Ледяные небеса — страница 16 из 57

— Возможно, я даже ошибаюсь, — говорит он. — Но этим я живу. Наука всегда должна быть оптимистичной? Я считаю это в корне неправильным. Правильно понятое исследование строится на ошибках.

— Послушай, послушай, — усмехается Марстон. — Еще один шаг, и ты ринешься сломя голову в пучину искусства, Бобби. И окажешься среди нас, скептиков!

— Он просто не должен так преувеличивать, — заявляет Уорди, который убрал все камни в ящик, кроме одного, того самого, которым так интересовался Кларк. — Вот, возьми его, Боб. У меня есть еще несколько таких же.
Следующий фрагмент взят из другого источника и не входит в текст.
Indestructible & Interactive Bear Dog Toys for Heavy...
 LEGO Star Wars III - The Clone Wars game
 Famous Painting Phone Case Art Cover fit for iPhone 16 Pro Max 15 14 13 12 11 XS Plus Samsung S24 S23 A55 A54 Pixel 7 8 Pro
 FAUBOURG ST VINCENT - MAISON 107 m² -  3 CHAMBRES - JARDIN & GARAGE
— Сомнение не есть неотъемлемое свойство искусства, Джордж, — спокойно говорит Хёрли, обращаясь к Марстону. С удивительной быстротой он вновь соединил все лежавшие перед ним на столе детали. Теперь там лежат три готовые фотокамеры. — Нужно умело обыгрывать сомнения, не так ли? Это как у эскимосов: они мастера преуменьшения. Чем больше тюленей они ловят и складывают на нарты, тем больше уныния изображают.

— Но я не эскимос, — ворчит Марстон.

Кларк забирает камень, хлопает Уорди по плечу и говорит Марстону:

— Нет, но ты похож на эскимоса.

Когда я убираю посуду, крохотный клочок лишайника Кларка лежит на столе как кучка зеленого песка. Девиз моего отца звучит: «Уменьшай всегда на двадцать процентов». — «На сорок, — обычно говорит на это мама, — сорок лучше».

Мне следует помыться и идти переодеваться.

Прогулка

Когда я выскакиваю на палубу, над Камберлендской бухтой светит солнце. Блестит лед на молчащих уже несколько дней глетчерах, воздух вдалеке колеблется и мерцает, словно от зноя. По воде пробегают маленькие серебристые волны, в которых плавают причудливые обломки льда.

Кругом так тихо, что я слышу, как шумит кровь у меня в голове, и чувствую, что погружаюсь в другой мир, словно при нырянии. Но что это за мир? Я несколько раз громко топаю по настилу палубы, чтобы прогнать ощущение, что я уже в нем. Это безмолвие и покой для меня воплощают всю историю Антарктиды намного лучше, чем микроорганизмы Кларка, историю, где одно столетие одиночества сменялось другим. Над склонами Дьюс-Фелл парит альбатрос, он находится слишком далеко, чтобы можно было услышать его крики. Над верхушками мачт плавучей фабрики по переработке китов, пришвартованной к причалу Якобсена, носится стая крачек, так же отчаянно и безмолвно, как по ночам носятся летучие мыши над Липовым шоссе возле Уска. У фалрепа стоит Фрэнк Хёрли со своей фотокамерой-пауком на спине и знаками призывает меня поторопиться.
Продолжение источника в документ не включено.